WHAT IS BEING ASKED >> The expected result is the material below, reproduced exactly from its first line through the line containing "RGB LED-Streifen Set".

DATA LISTING >>
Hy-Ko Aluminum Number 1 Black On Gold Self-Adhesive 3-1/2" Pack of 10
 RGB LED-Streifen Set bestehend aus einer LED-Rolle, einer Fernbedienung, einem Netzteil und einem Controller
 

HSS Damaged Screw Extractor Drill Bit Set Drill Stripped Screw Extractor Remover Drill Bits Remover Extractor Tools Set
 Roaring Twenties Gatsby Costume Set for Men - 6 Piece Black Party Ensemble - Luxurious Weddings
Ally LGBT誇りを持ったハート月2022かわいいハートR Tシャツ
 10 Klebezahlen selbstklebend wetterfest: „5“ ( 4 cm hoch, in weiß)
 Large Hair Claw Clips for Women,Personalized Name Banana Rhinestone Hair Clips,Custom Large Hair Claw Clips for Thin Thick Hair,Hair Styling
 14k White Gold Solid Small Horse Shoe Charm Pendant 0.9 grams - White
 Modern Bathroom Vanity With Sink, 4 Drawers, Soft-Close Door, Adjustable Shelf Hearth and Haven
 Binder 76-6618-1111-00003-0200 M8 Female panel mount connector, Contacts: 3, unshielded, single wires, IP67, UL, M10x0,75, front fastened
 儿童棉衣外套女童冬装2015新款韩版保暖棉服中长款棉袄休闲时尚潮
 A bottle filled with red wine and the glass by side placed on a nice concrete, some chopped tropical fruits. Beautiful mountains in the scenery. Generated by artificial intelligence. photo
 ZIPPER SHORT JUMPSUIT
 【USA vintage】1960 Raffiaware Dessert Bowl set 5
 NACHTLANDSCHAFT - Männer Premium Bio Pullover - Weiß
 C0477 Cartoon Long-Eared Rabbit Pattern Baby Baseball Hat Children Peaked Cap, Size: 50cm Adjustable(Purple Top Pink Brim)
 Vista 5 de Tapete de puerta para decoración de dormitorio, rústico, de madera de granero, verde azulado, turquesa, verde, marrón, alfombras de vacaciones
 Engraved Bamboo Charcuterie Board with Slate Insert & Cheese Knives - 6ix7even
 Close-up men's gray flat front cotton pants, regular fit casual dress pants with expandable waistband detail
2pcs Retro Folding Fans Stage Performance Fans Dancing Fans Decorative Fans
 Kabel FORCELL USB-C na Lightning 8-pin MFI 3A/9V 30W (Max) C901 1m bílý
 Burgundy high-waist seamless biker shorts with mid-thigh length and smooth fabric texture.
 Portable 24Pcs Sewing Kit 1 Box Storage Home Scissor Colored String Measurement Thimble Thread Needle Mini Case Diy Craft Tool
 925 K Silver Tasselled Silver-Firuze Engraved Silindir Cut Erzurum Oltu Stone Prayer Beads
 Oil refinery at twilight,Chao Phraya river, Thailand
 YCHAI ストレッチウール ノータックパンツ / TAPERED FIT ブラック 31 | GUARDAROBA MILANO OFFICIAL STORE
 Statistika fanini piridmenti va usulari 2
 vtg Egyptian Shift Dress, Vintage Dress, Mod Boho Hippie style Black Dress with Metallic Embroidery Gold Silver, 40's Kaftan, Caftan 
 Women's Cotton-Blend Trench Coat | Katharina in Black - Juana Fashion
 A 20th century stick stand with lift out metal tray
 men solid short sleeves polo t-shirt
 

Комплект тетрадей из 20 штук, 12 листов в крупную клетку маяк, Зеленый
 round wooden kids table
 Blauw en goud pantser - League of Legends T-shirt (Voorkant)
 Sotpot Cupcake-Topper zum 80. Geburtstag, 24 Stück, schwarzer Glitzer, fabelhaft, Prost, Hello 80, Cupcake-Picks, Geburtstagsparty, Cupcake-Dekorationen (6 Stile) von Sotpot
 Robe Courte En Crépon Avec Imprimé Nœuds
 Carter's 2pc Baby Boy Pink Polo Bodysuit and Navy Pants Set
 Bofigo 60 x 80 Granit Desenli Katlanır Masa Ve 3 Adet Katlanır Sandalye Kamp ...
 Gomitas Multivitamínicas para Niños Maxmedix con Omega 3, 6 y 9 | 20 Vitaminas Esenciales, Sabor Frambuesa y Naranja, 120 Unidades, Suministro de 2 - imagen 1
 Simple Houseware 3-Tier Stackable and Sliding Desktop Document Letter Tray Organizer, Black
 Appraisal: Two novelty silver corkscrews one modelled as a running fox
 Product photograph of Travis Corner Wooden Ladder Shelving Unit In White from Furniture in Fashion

TASK SOLUTION >>
Hy-Ko Aluminum Number 1 Black On Gold Self-Adhesive 3-1/2" Pack of 10
 RGB LED-Streifen Set bestehend aus einer LED-Rolle, einer Fernbedienung, einem Netzteil und einem Controller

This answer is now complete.